0000050: 0000 0000 0000 0000 0000 0000 0000 0000  ................
0000060: 0000 0000 590d 9d60 abe9 0700 3c00 0000  ....Y..`....<...

The bytes I get in the end and between are:

END: 0000 f404 0000
BETWEEN Each Packet: 0000 f404 0000 0600 0000 f404 0000 0000 0000 0000 0000 dc56 2d01 d204 0000 d204
Sukshith Shetty
  • 21
  • 2
  • 4
  • If xxd prints the characters in the hexdump, then they exist in the file. If this is the highly unlikely case that xxd is printing characters not in the file, that would be a bug. – Ross Jacobs Jun 05 '21 at 06:31
  • @RossJacobs Can I share the pcap file with you so you can take a look at what is exactly going wrong here ??? – Sukshith Shetty Jun 05 '21 at 09:34

2 Answers2

0

If you're looking for a hexdump of the entire file, then you can use hexdump, as in:

hexdump -vC PcapFile.pcap
Christopher Maynard
  • 5,702
  • 2
  • 17
  • 23
0

If by "the data bytes" you mean the raw hex bytes of the packets, so that the 24-byte file header and the 16-byte packet headers aren't printed, one command that will print the hex data along with a dissection of the packet's contents is

tcpdump -xx -n -r {file name}

which will print information such as

17:48:39.708517 ARP, Request who-has 10.120.4.255 tell 10.120.4.1, length 46
        0x0000:  ffff ffff ffff 00e0 5280 7600 0806 0001
        0x0010:  0800 0604 0001 00e0 5280 7600 0a78 0401
        0x0020:  0000 0000 0000 0a78 04ff 0000 0000 0000
        0x0030:  0000 0000 0000 0000 0000 0000

That requires that you have tcpdump installed.
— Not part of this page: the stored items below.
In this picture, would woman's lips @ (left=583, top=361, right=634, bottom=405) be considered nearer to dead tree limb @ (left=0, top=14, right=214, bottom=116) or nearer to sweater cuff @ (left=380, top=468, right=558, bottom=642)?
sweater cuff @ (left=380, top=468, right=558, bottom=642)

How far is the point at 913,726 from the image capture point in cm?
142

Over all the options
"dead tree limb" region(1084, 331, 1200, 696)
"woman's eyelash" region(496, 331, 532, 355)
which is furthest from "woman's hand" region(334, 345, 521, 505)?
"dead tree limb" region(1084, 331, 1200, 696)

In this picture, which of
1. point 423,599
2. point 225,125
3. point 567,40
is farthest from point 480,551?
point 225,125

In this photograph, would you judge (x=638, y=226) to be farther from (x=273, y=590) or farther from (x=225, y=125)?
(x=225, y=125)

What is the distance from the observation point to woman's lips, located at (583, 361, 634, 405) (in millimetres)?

Another command, that will print only a hex+text dump of each packet, without the dissection, is

tshark -Q -x -r {file name}

(It will print both hex and text; there's no way to suppress the text part of the dump. The text shows the printable ASCII characters, unless the packet is for some IBM protocol where the data is in EBCDIC, in which case the output is ASCII but it's translated from EBCDIC.)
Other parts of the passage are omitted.